Hey everyone, as the title says, i'm curious what the model year of my HS621 is. When i bought it i remember looking through this forum and found other people with the same question, based on the answers i assumed that my 621 _might_ be a 1992 model year... but not really sure. It doesn't have the reinforced auger, and it also has a removable keyed ignition instead of a switch. Thanks to everyone for your input.


----------



## FLSTN (Sep 19, 2014)

Call Honda in Georgia at 770 497-6400. Ask them to run your serial number. They can tell you what dealer it was sold to and when. Also, any warranty work.
The 621's with electric start had the removable key. The non elec start ones had the lever you would turn.


----------



## [email protected] (Nov 21, 2011)

TheFanMan said:


> Hey everyone, as the title says, i'm curious what the model year of my HS621 is.


So Honda snow blowers don't have 'model years' like cars, trucks, motorcycles, etc.
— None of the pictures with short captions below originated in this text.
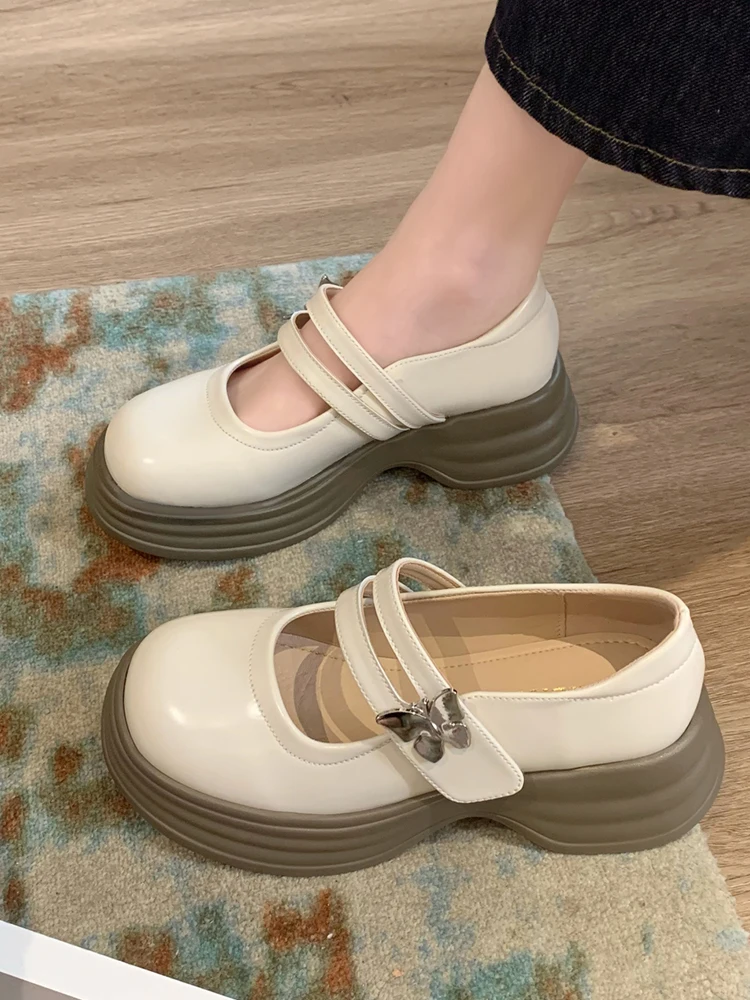 

Shoes Woman 2023 Female Footwear Clogs Platform British Style Shallow Mouth Oxfords Round Toe New Dress Summer Creepers Preppy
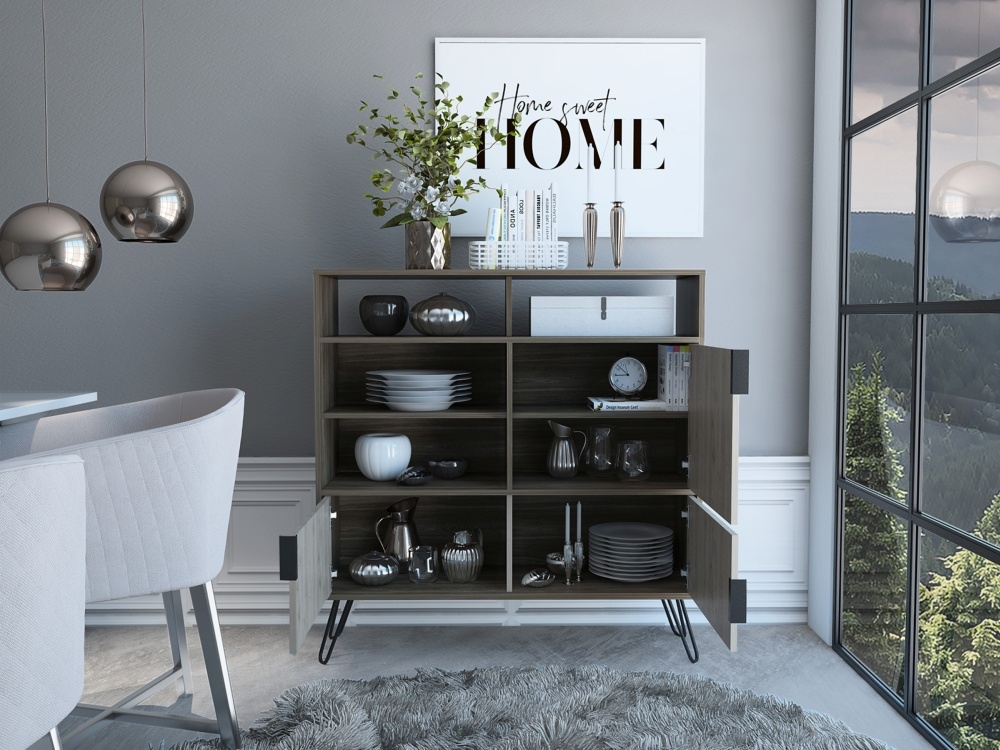 Nevada Small Sideboard - Grey Oak - Hairpin Legs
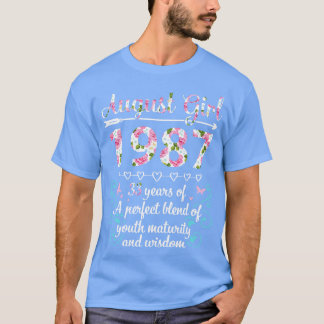 August Girl 1987 glücklich Geburtstag 33 Jahre Per T-Shirt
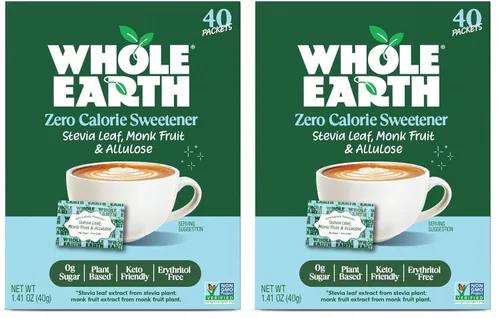 Whole Earth Stevia, fruta del monje y alulosa, 40 unidades, sustituto de azúcar sin calorías, apto para ceto, sin OMG, sin eritritol, sin eritritol,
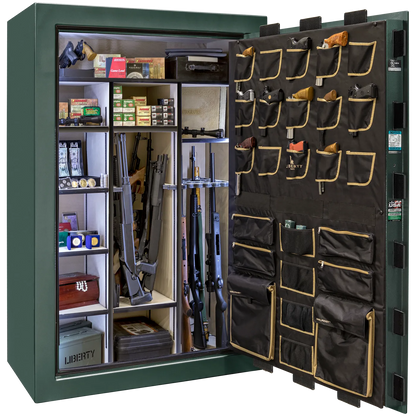 Liberty Classic Select safe interior with fully upholstered 6-in-1 Flex™ adjustable interior, premium door storage panel, adjustable shelving, and long gun storage
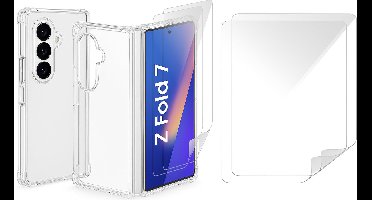 Hoesje geschikt voor Samsung Galaxy Z Fold 7 - 2x Screenprotector Volledig Dekkend Premium PET - Shockproof Transparant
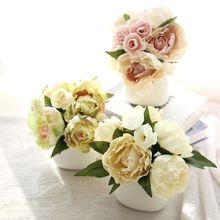 các nhà sản xuất bán buôn rượu sâm banh hoa mẫu đơn bó hoa giả giữ hoa trang trí nhà đám cưới ngoại thương hoa giả DY1-36C Cầm hoa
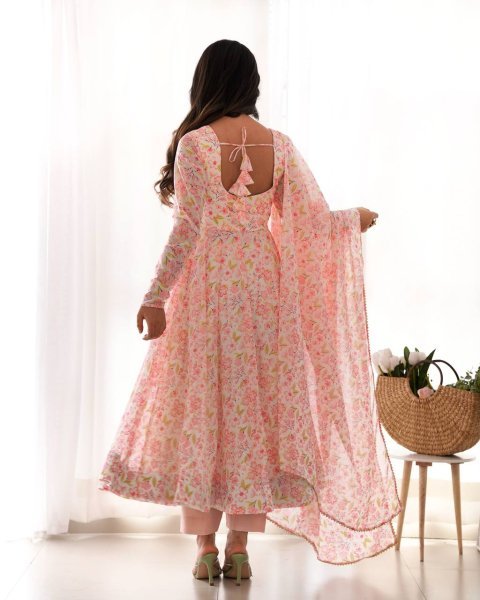 Designer Floral Chiffon Anarkali Dress for Women Fully Flared Style with Dupatta and Cotton Silk Pant Bulk Deal for Resellers Anarkali Kurtis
Instead, Honda uses a version code called a K-number that changes when there are changes to the product. The very first production is known as K0, which is what all HS621 sold in the USA are. 

Drop me a PM with the serial number and I can probably get you dates it was wholesaled and then retailed. FYI, never any recalls on this model, so no worries there.

*Hey, 800 posts!*


----------



## TheFanMan (Oct 10, 2017)

FLSTN said:


> The 621's with electric start had the removable key. The non elec start ones had the lever you would turn.


 Really... can't believe i never noticed this. Thanks for that bit of information, also thank you for the #, i appreciate it.


----------